Réalités réglementaires

La réglementation européenne de l’aviation pose des obstacles supplémentaires. Contrairement à certaines parties du monde, vous ne pouvez pas simplement décoller de votre allée ou d’un champ. Même les mouvements d’hélicoptères sont limités dans certains pays européens à un maximum de 12 jours par an (maximum 48 mouvements) à partir d’un site qui n’est pas un aéroport. Et l’opérateur doit même demander une dérogation. Les rêves de mobilité aérienne urbaine ne tiennent souvent pas compte de ces contraintes réglementaires.

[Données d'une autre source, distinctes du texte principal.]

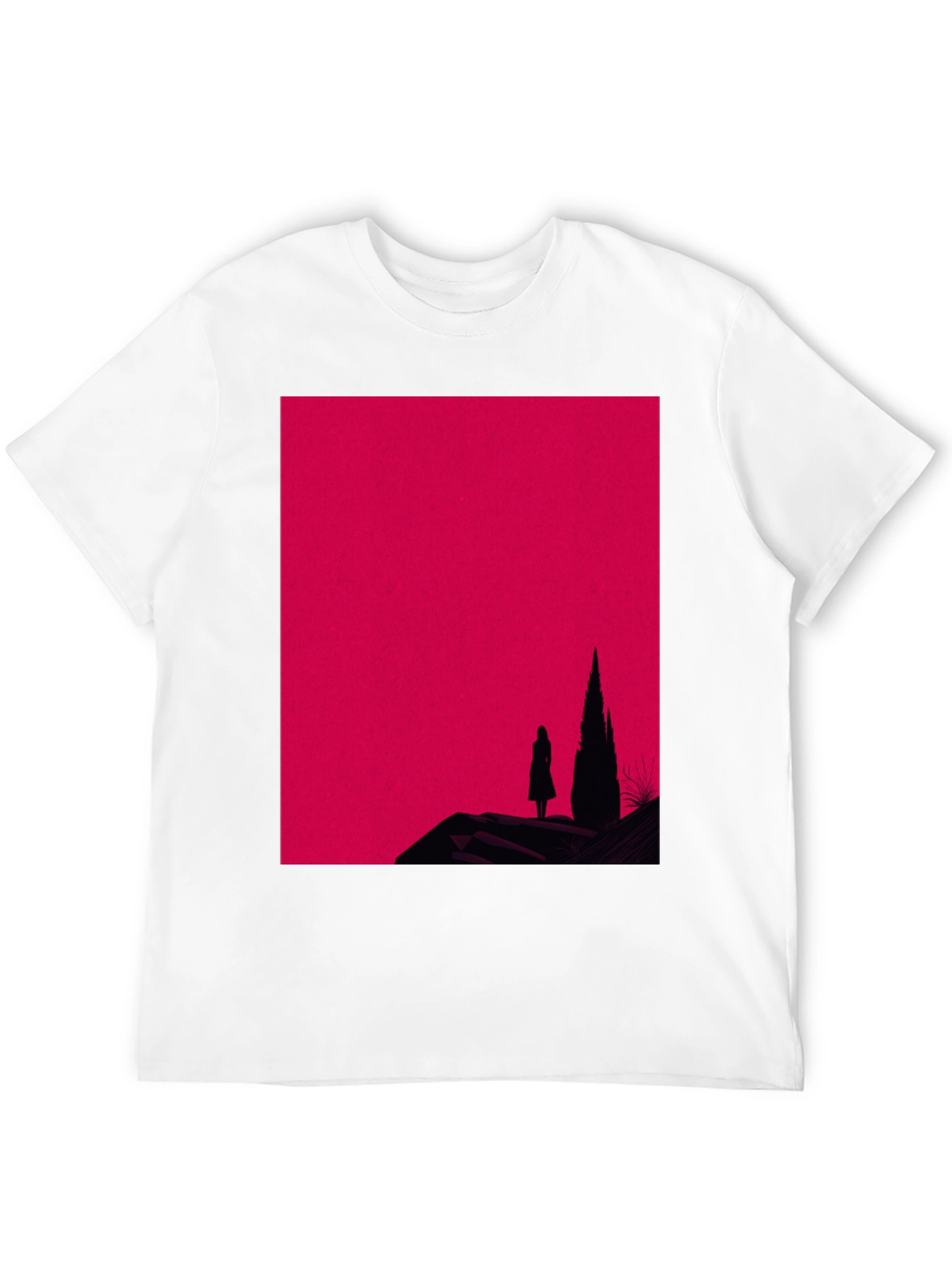 Silhouette Graphic Tee - Gothic Red Mountain Print
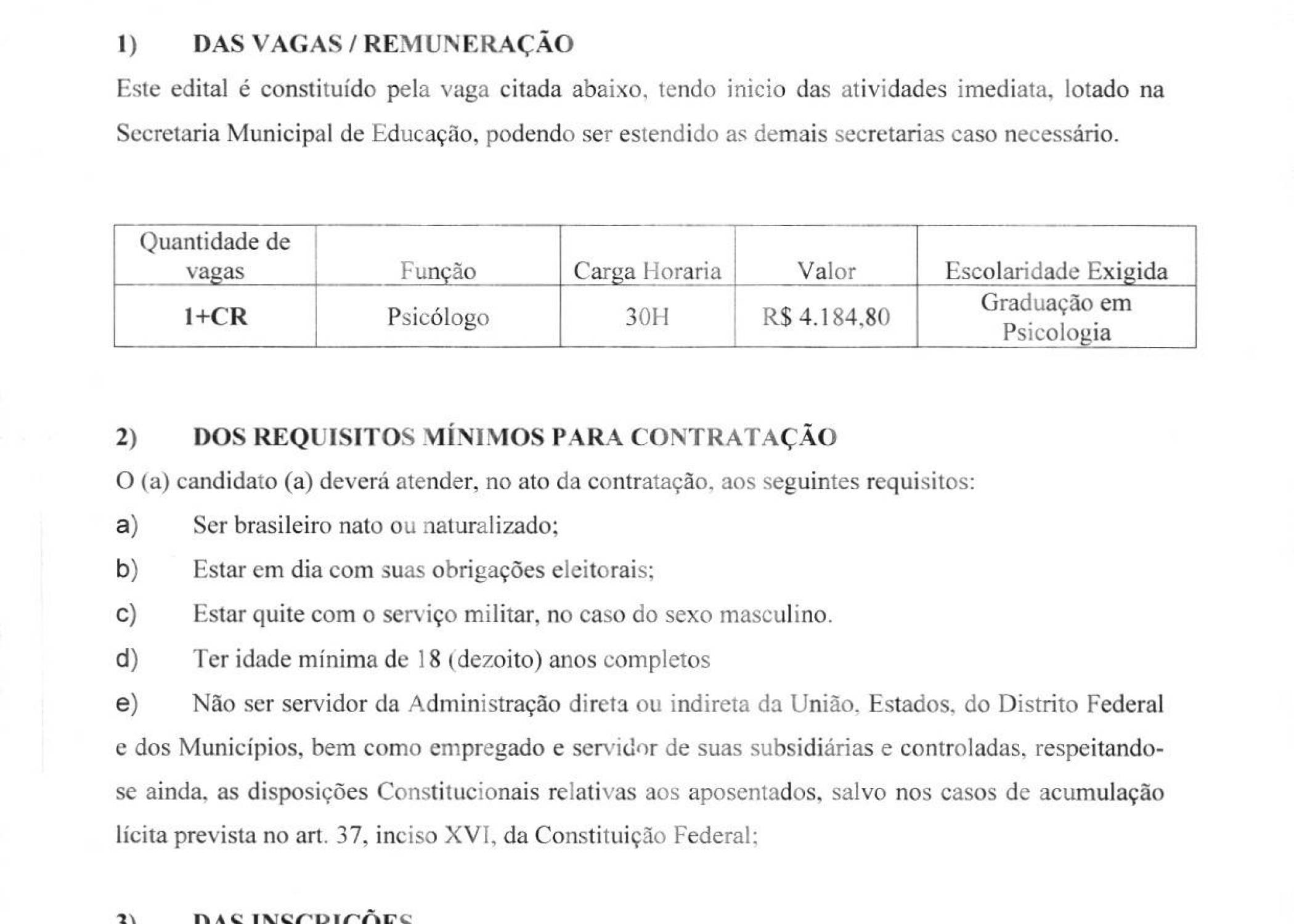 EDITAL CONVOCAÇÃO N°14/2024 - PROCESSO SELETIVO SIMPLIFICADO - Psicólogo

De plus, l’infrastructure pour soutenir ces innovations fait défaut. Les aéroports, en particulier les aéroports contrôlés en Europe, sont des espaces fortement réglementés. Je me souviens d’un incident à l’aéroport de Rotterdam-La Haye impliquant un client qui voulait emmener sa voiture côté piste et la charger dans son Short SC7 Skyvan. Les défis logistiques et bureaucratiques étaient pour le moins intéressants, illustrant les complexités opérationnelles auxquelles ces innovations seraient confrontées.

Le facteur humain

Au-delà de la technologie et de la réglementation, la mentalité des utilisateurs potentiels doit changer. Les voitures autonomes font toujours face à un scepticisme public important ; s’attendre à ce que les gens embrassent les drones sans pilote est un acte de foi. La confiance en la technologie prend du temps à se construire, et l’industrie de l’aviation laisse peu de place à l’erreur.

Un appel à la prudence

Les innovations en matière d’eVTOLs et de voitures volantes sont impressionnantes, mais la prolifération d’entreprises travaillant sur des concepts similaires dilue les ressources et risque de sursaturer le marché. Les investisseurs doivent procéder avec prudence, armés de connaissances sur les défis uniques de l’aviation.

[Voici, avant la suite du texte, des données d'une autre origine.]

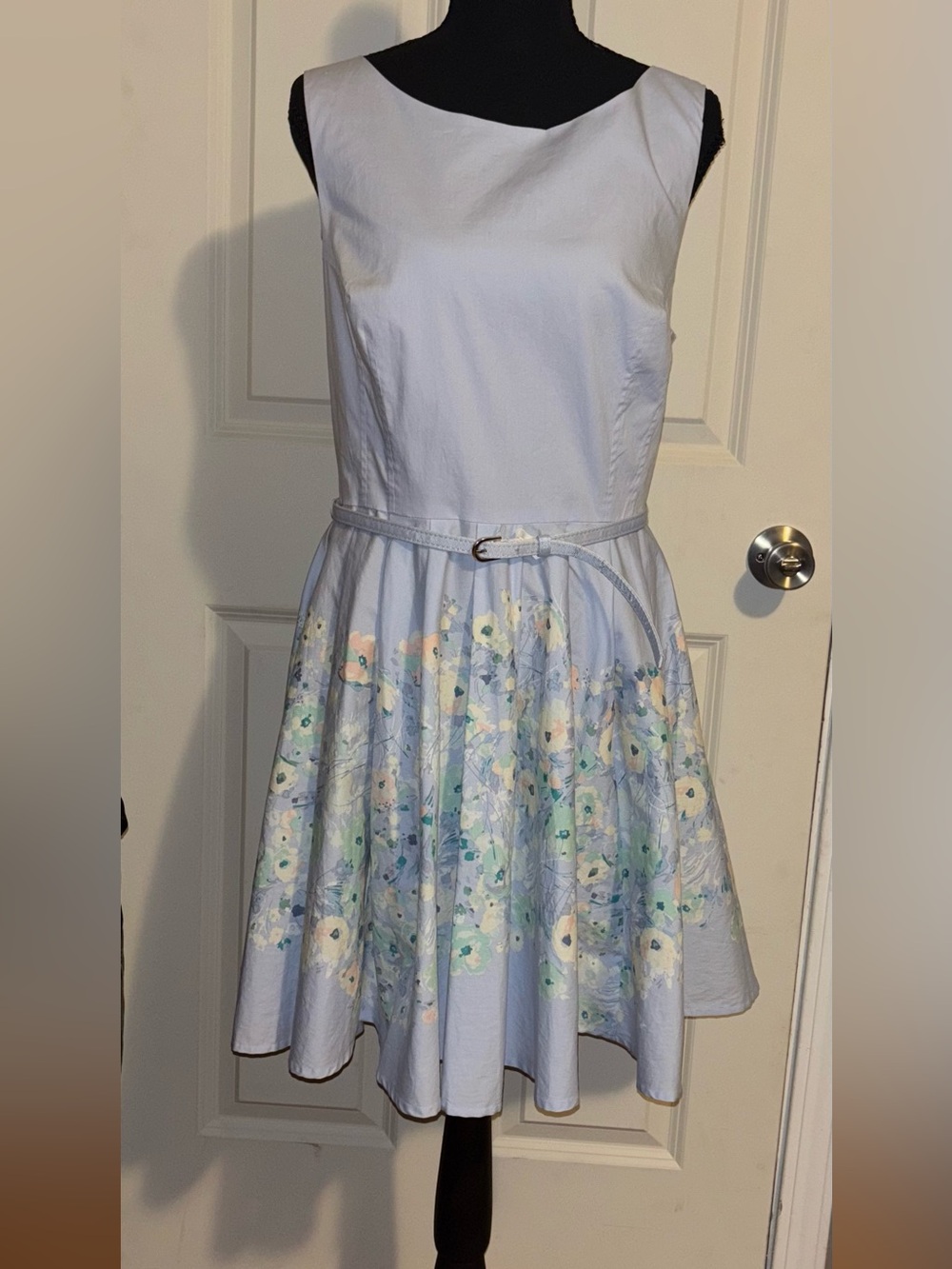 LC Lauren Conrad Light Blue Floral Fit-and-Flare Dress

Sans des avancées significatives en matière d’infrastructures, de cadres réglementaires et de perception du public, le rêve des voitures volantes et des drones passagers pourrait rester limité, en particulier en Europe. Pour l’heure, le secteur doit se concentrer moins sur les designs tape-à-l’œil et plus sur la création de solutions pratiques, évolutives et qui permettent de gagner du temps. Sinon, il risque de répéter les erreurs de la bulle des taxis aériens de 2008 et d’éclater sous le poids de ses propres ambitions.